## Task prompt
Output all of the data verbatim.

## Records for the exercise
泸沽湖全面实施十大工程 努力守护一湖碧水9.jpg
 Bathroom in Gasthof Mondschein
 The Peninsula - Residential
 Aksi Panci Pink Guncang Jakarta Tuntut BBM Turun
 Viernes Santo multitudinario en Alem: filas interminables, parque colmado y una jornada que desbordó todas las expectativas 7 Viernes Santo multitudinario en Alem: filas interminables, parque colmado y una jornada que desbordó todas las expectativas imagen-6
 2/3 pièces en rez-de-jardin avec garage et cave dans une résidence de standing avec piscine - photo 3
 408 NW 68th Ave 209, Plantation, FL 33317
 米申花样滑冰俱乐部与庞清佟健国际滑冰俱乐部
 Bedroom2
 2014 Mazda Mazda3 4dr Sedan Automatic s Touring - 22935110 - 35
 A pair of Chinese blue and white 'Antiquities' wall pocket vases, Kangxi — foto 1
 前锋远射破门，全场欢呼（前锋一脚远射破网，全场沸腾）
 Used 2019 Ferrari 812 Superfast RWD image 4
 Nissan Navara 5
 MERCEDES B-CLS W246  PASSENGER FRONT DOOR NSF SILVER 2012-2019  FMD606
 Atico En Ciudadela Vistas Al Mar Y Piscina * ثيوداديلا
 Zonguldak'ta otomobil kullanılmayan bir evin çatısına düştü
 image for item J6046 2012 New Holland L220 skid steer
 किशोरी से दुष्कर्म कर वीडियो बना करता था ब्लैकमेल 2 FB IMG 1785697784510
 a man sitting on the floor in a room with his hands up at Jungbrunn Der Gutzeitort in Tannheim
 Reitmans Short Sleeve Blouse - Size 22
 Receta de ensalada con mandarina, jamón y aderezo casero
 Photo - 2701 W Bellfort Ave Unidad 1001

## The completed task
泸沽湖全面实施十大工程 努力守护一湖碧水9.jpg
 Bathroom in Gasthof Mondschein
 The Peninsula - Residential
 Aksi Panci Pink Guncang Jakarta Tuntut BBM Turun
 Viernes Santo multitudinario en Alem: filas interminables, parque colmado y una jornada que desbordó todas las expectativas 7 Viernes Santo multitudinario en Alem: filas interminables, parque colmado y una jornada que desbordó todas las expectativas imagen-6
 2/3 pièces en rez-de-jardin avec garage et cave dans une résidence de standing avec piscine - photo 3
 408 NW 68th Ave 209, Plantation, FL 33317
 米申花样滑冰俱乐部与庞清佟健国际滑冰俱乐部
 Bedroom2
 2014 Mazda Mazda3 4dr Sedan Automatic s Touring - 22935110 - 35
 A pair of Chinese blue and white 'Antiquities' wall pocket vases, Kangxi — foto 1
 前锋远射破门，全场欢呼（前锋一脚远射破网，全场沸腾）
 Used 2019 Ferrari 812 Superfast RWD image 4
 Nissan Navara 5
 MERCEDES B-CLS W246  PASSENGER FRONT DOOR NSF SILVER 2012-2019  FMD606
 Atico En Ciudadela Vistas Al Mar Y Piscina * ثيوداديلا
 Zonguldak'ta otomobil kullanılmayan bir evin çatısına düştü
 image for item J6046 2012 New Holland L220 skid steer
 किशोरी से दुष्कर्म कर वीडियो बना करता था ब्लैकमेल 2 FB IMG 1785697784510
 a man sitting on the floor in a room with his hands up at Jungbrunn Der Gutzeitort in Tannheim
 Reitmans Short Sleeve Blouse - Size 22
 Receta de ensalada con mandarina, jamón y aderezo casero
 Photo - 2701 W Bellfort Ave Unidad 1001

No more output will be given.